Pasé a una rápida lectura sobre la infancia de personajes ilustres de las artes y las ciencias, y no encontré similitudes con la conducta de mi hijo. En general, se trata de niños taciturnos, que buscan refugio en la naturaleza. Eso dicen los manuales. Además, es muy común que los exploten, con la coartada de liberar sus ingentes talentos. Mozart ya salía de gira por las cortes a los 5 años, acompañando a su padre violinista. A la misma edad, Buster Keaton era arrojado al foso de los músicos como una bala humana en el show de variedades montado por su padre. Pobres cachorros: ni su lugar destacado en la historia amerita tal maltrato.
Mejor pensar que la frase desconcertante de Seve no fue una rebuscada figura retórica, sino una mera ocurrencia. Los adultos tenemos una nociva inclinación a ver a los hijos como proyectos. Y, a pesar de que les dispensamos la máxima dedicación, entendemos la infancia como mero pasaje. El prólogo de la mayoría de edad, la madurez, lo que realmente cuenta.
Cada gesto, cada palabra, cada preferencia del hijo o la hija son interpretados como un indicio de un oficio o profesión en ciernes. Su destreza con el lápiz nos lleva en línea recta a las bellas artes, su agilidad vaticina una destacada incursión en los deportes, acaso una medalla olímpica. Es difícil dejar fluir el gozo del instante. Las ocupaciones placenteras de la edad. El juego. Es difícil mirar a los niños como lo que son: puro presente. Igual que sus padres.
Si fuera por la meticulosidad con que Severino limpia la mesa cada vez que vuelca su jugo o deja caer miguitas, tendría que pronosticarle una exitosa carrera en el rubro limpieza y mantenimiento. O podría optar, henchido de orgullo, por la fuerza con la que ya, a sus 2 años, le pega a la pelota de fútbol. Y aventurar un itinerario signado por la fama, los euros y los viajes.

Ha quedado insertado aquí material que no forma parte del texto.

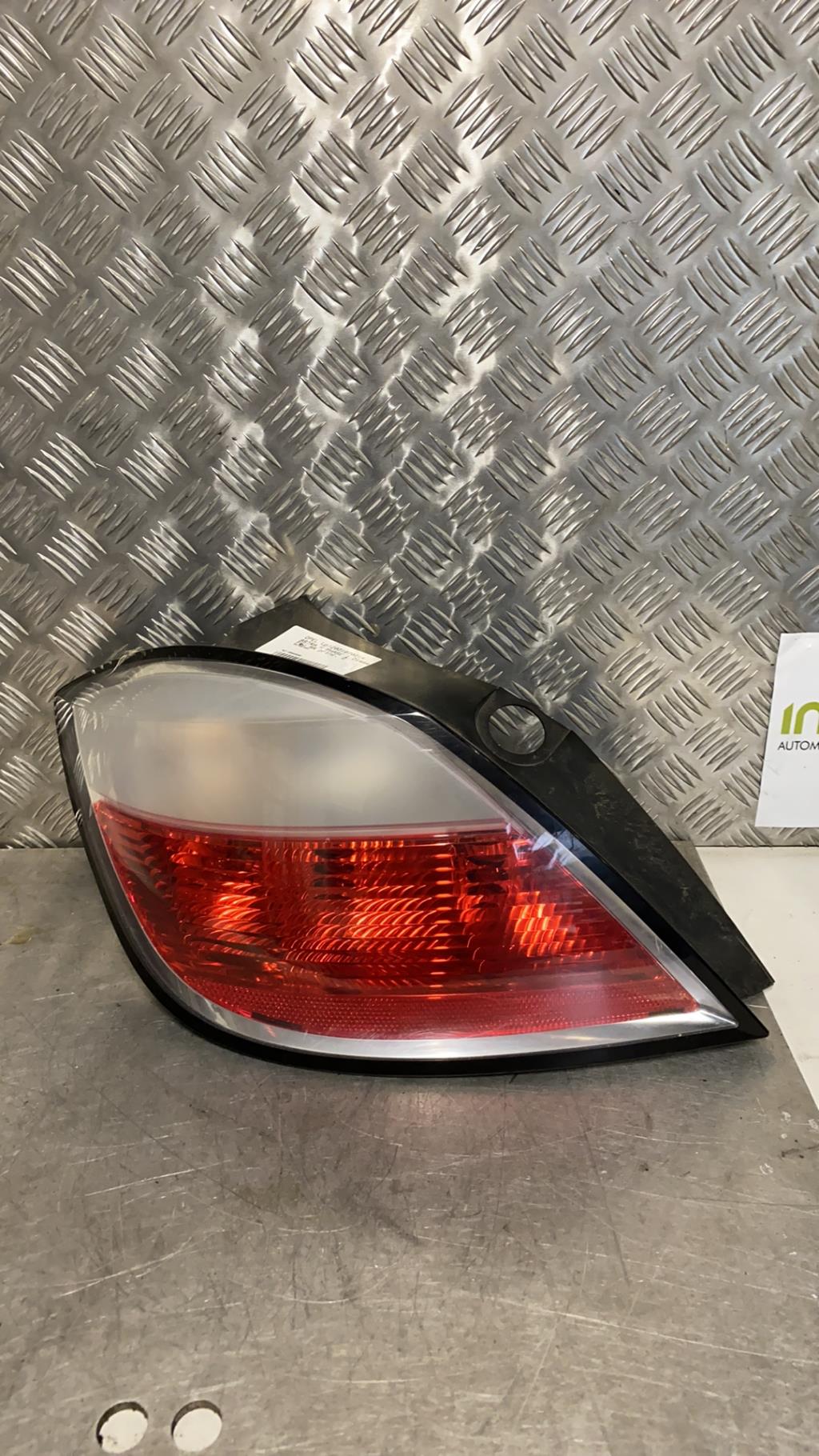 Fanale posteriore principale sinistro (luci) OPEL ASTRA H PHASE 1 Diésel - 1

Me temo que los mayores tenemos, en este sentido, una actitud parasitaria. A falta de un futuro propio estimulante, diseñamos uno emocionante para nuestros hijos. Usurpamos su imaginación sin consultarlos. Claro que mucho peor es oprimirlos con el peso de nuestra biografía. Como esos cardiólogos con hijos cardiólogos, empresarios con hijos empresarios y –la profesión familiar por excelencia– abogados con hijos abogados.
Acabo de decidir que me voy a abstener de detectar vocaciones. Que lo único que incentivaré en mi hijo Severino –mucho más acá de sus habilidades y sus gustos– es una ética social. Espero estar a la altura. A qué se dedique algún día, no tiene mucha importancia.